I simply knew that he went to meetings there. A lot of them.
And he sold hot dogs at the annual Ice Cream Social.
The birthday cards from the church people often talked about his leadership, like this one:
My most powerful memories about you relate to the leadership you gave when several times over the years we found ourselves between pastors. You helped keep the ship floating and moving forward…
This was my favorite church story:
My most vivid memory … is of the congregational meeting relating to the arrangement of the pews in the sanctuary which were to be reinstalled after being removed for refurbishing. The temporary chairs used while the pews were worked on were arranged in a semicircle, and some church members wanted the pews to be arranged like that. Other members were determined that the pews should be placed in straight rows as they had been in the past. Supporters of both views expressed strong feelings, but you did a masterful job as moderator in keeping order, giving everyone opportunity to express their opinion, and guiding the factions to a compromise whereby the two center sections of pews were replaced in straight lines as before but the two side sections were angled to give an overall sense of a curve.
I can picture my father, patiently listening, patiently giving everyone a chance to speak, gently leading the way to compromise.
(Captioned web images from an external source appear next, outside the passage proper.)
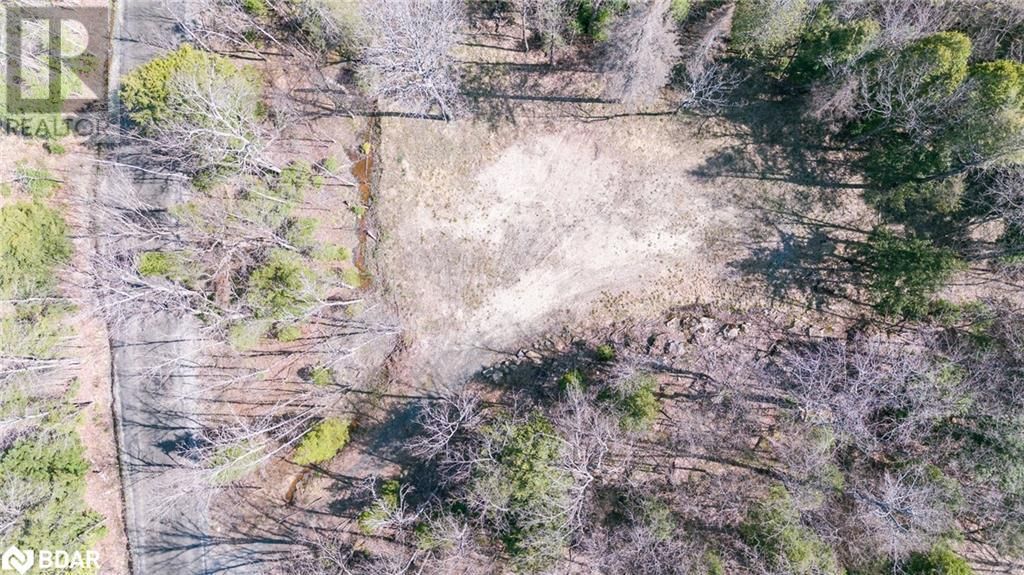 344 NORTH FOX LAKE ROAD Image 8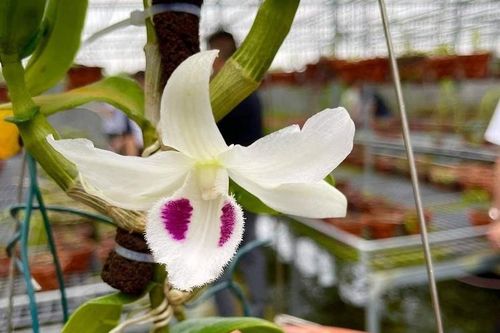 Bài học cay đắng của người từng 'ôm' 7 tỷ đồng, hùn vốn mua một chậu lan đột biến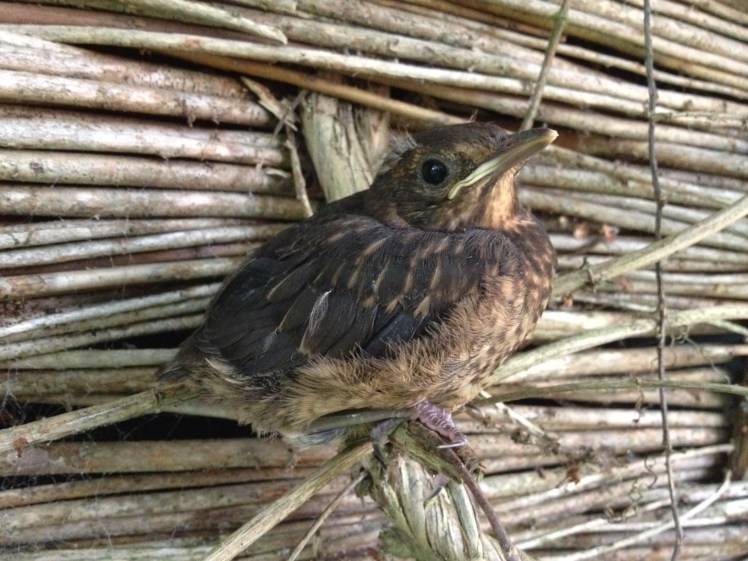 fledgling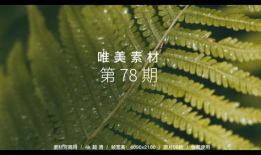 唯美动态短视频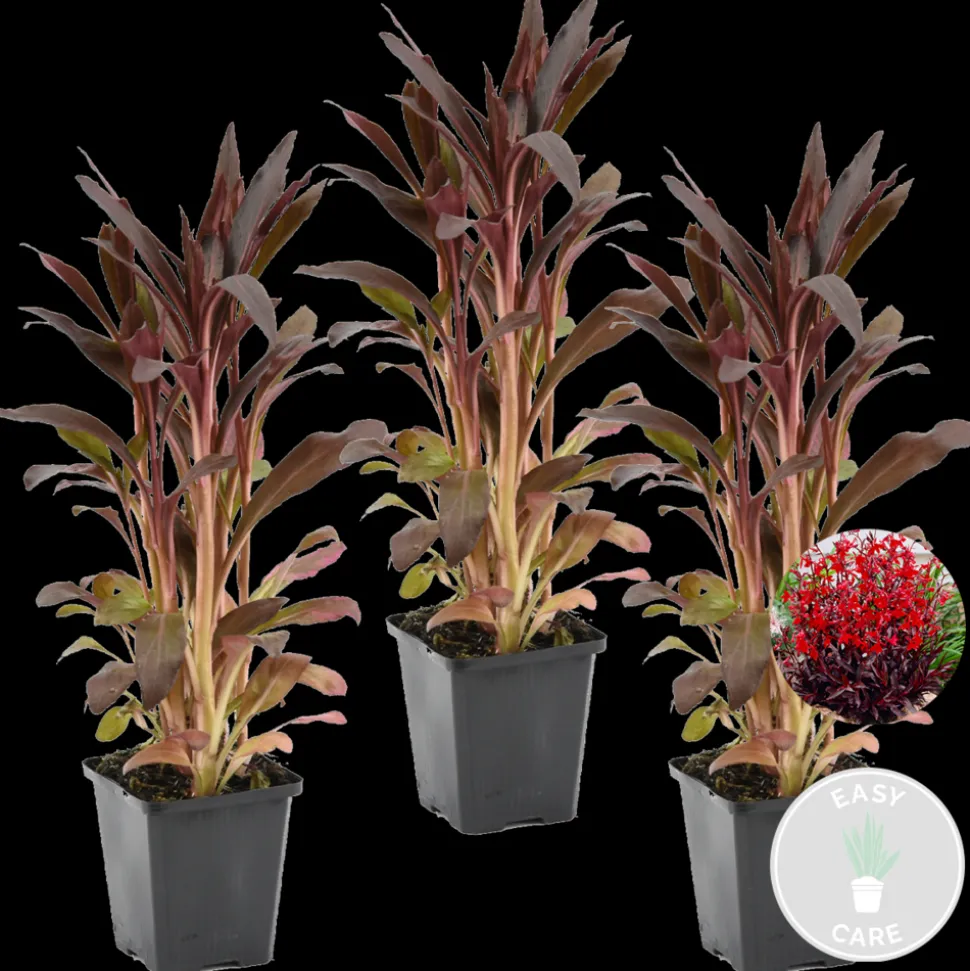 BLOOMIQUE - Lot de 3 - lobelia queen victoria - lobélie écarlate - rouge - hauteur 20-30 cm - pot 9 cm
Attentive listening is one of his super-powers.
Today, I stopped by the church to see the “curved” pew arrangement.
The angling is so slight that it’s barely perceptible. If I felt strongly about the curve, I might have felt cheated.
Sometimes it’s enough to be heard.
In any event, the church stayed afloat and moved forward, thanks, in part, to my father.
3 thoughts on “P is for Presbyterian”
Those cards for him are well worth holding onto.
The church architecture reminds me a bit of a couple of Presbyterian churches I know here.
It’s a beautiful old church. It takes people to keep a church open. Sounds like your parents were those people.
Sounds like a couple any church would love to have as members. My paternal grandparents were Presbyterian but my father became a Congregational minister, so I didn’t grow up Presbyterian, but involved members are the same in every church, I think.